US Building of the Week
17. July 2023
Photo: Michael Moran
A diminutive new studio for artist Richard Erdman is clad in corrugated Cor-ten steel, a reference to the older structures on the artist's working farm in Vermont. The material is also a pleasing contrast to the white Carrara marble pieces Erdman is known for. Birdseye answered a few questions about their design of Annex.
Location: Williston, Vermont, USA
- Principal Architect: Brian J. Mac, FAIA
- Project Manager: Peter Abiles, AIA
Structural Engineer: Engineering Ventures
Interior Designer: Brooke Michelsen Design
Contractor: Red House Building
Site Area: 20 acres
Building Area: 1,720 sf
See bottom for Important Manufacturers / Products.
Photo: Michael MoranPlease provide an overview of the project.
Annex is an artist’s studio for stone sculptor Richard Erdman nestled in the Champlain Valley of Vermont.
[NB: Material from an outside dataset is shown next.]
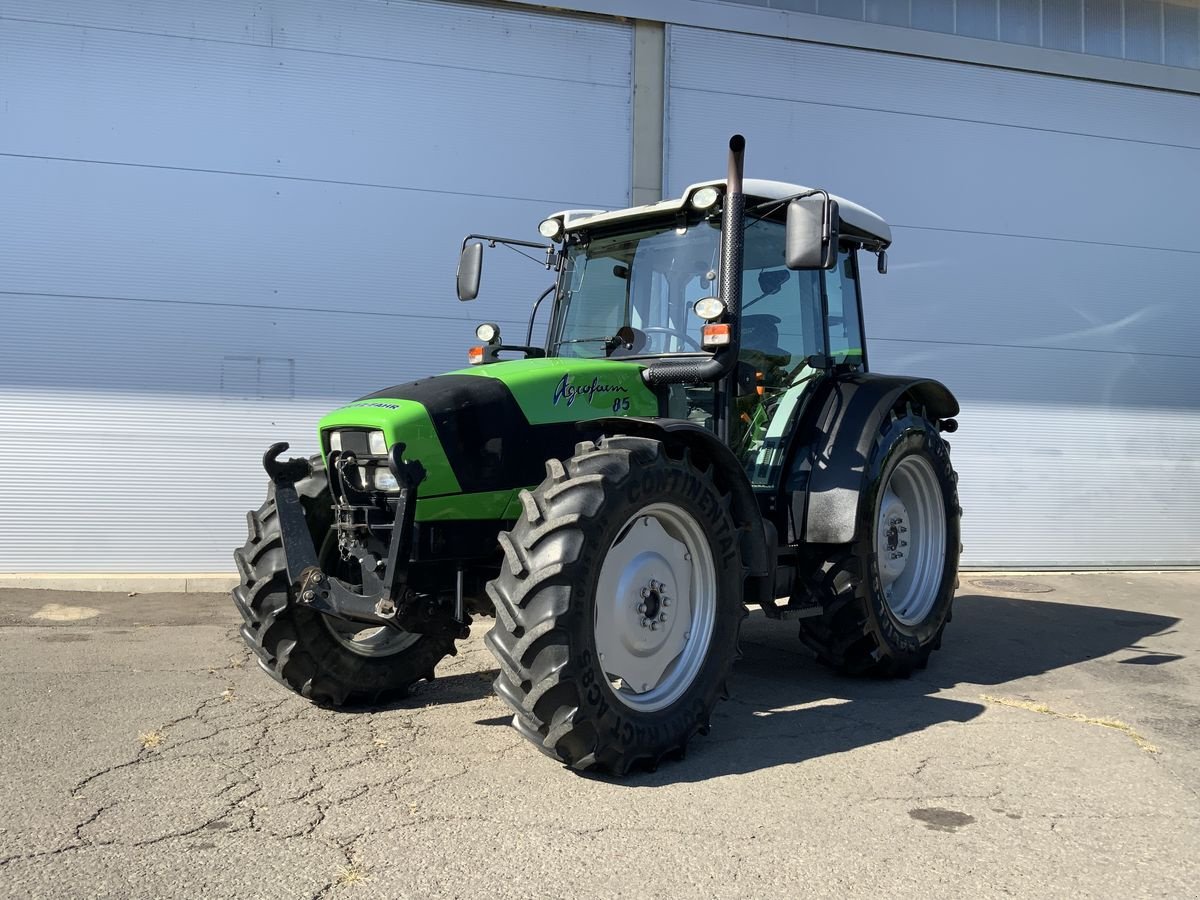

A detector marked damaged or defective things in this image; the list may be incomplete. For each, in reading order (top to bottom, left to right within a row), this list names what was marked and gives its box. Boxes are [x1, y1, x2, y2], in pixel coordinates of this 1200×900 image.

cracked asphalt [0, 572, 1192, 896]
Equally inspired by both the artist’s sculptural language and the agrarian context of the site, it provides a new working studio for creating and displaying work.
In addition to his Vermont studio, Erdman also works in Carrara, Italy, where the marble is quarried and sculpted. Over the past four decades, he has created a renowned body of work that can be found in museums and private collections across the globe. Annex provides a space to continue this celebrated work and deepen its legacy.
Photo: Michael MoranWhat are the main ideas and inspirations influencing the design of the building?
The structure is defined by a cantilevered shed clad in corrugated Cor-ten steel panels, influenced by the farm’s existing metal-clad buildings that serve as stables, barns, and utility sheds. Structural steel members are exposed under the roof overhang and inside the studio.
A hydraulic loading door with a flush threshold provides rolling access to the main studio space. Inside the door, a jib crane aids in the installation and removal of large-scale sculptures. Steel pedestals with casters allow the sculptures to be both easily moved and elegantly displayed.
Photo: Michael Moran
The interior spaces are minimal and open. A monumental steel shelving display is integrated into the space and window composition. The interior wall and ceiling finishes are black to contrast with the marble sculptures. Custom large scale metal pivot doors open into the white plaster office space and library. A large custom wood cabinet provides storage and maquette display, and a polished concrete floor adds to the durability, functionality, and overall minimalist aesthetic.
Photo: Michael MoranHow does the design respond to the unique qualities of the site?
The studio is built on the grounds of the artist’s residence, a 20-acre working horse farm. The parcel includes multiple agrarian metal structures that function as stables, hay storage, and equipment storage. The project site was established at the northwestern corner of the farmyard to serve as a bookend to the existing buildings and paddocks. A raised plinth elevates the building above rolling pastures, providing distant views of the Adirondack Mountains across the valley.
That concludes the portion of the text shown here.